Watertown's sled hockey player and her mom hope to grow the sport locally

·3 min read
Jacksyn Wirkus, back row left side, and Weston Brink; Keirra Rudebusch, front row left side, Kadynce Ohman, Keira Henman, Brynn Eitreim and David Johnson getting some ice time at the Watertown Ice Arena.
Jacksyn Wirkus, back row left side, and Weston Brink; Keirra Rudebusch, front row left side, Kadynce Ohman, Keira Henman, Brynn Eitreim and David Johnson getting some ice time at the Watertown Ice Arena.

Watertown loves hockey.

The fast-paced game of ice, sticks and a puck is so popular that the city is getting a new ice facility and a downtown park so visitors can skate and play.

Now, Watertown resident Meghan Brink wants to show young players in the area that hockey is not just for those who can stand on skates.

The Midwest Hockey Association finds ways for all to participate in the sport, even those not capable of safely traditional skating.
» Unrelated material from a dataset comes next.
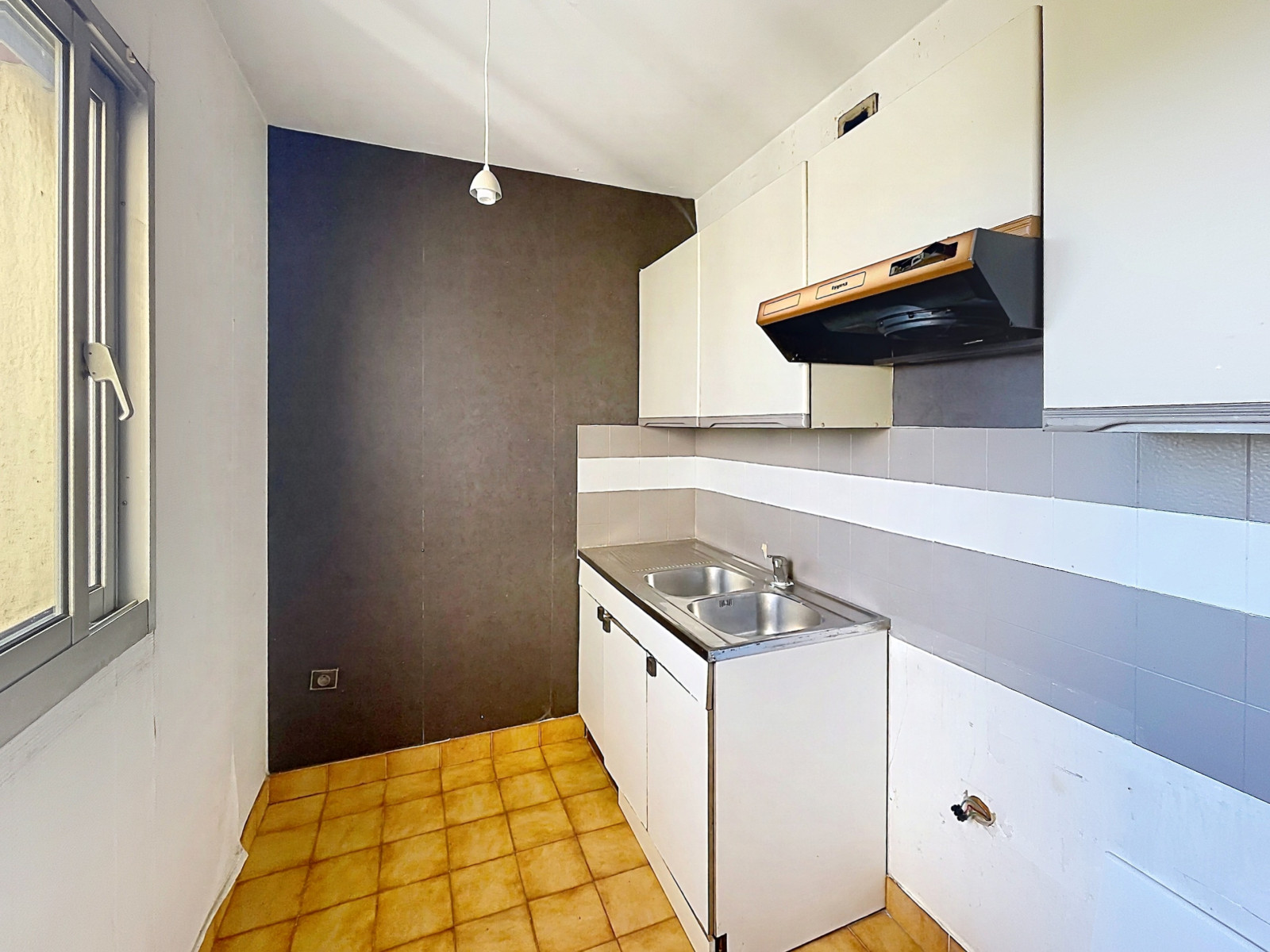 
                                                Vente
                                                 Appartement  - 2 pièces  - 37.4 m²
This is made possible by using a sled that players sit in. The sled is pushed by a standing skater or can be propelled across the ice using modified, shortened hockey sticks.
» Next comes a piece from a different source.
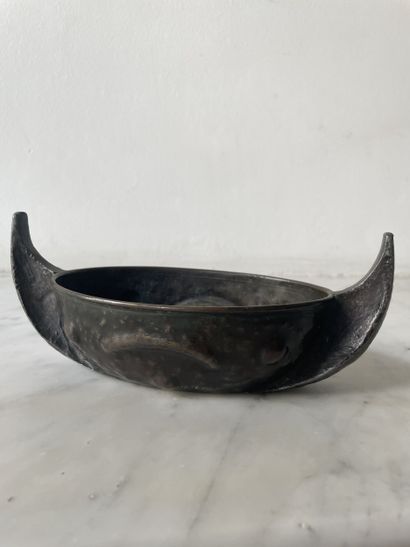 Bronze ritual or decorative vessel with curved...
When sled hockey was introduced to Watertown several seasons ago, Brink’s 12-year-old daughter Kadynce Ohman wanted to give it a try.

“It’s an adaptive sport designed for people who have physical limitations and cannot play stand-up hockey,” Brink said. “My daughter has ataxia caused by a rare metabolic disorder that qualified her to play sled hockey.”

Kadynce Ohman
Kadynce Ohman

Like many children introduced to the puck and ice, Ohman fell in love with hockey and has been actively playing sled hockey for the past three seasons.

All of the traditional hockey rules apply, and Ohman gets to play with other players, both those on skates and in sleds.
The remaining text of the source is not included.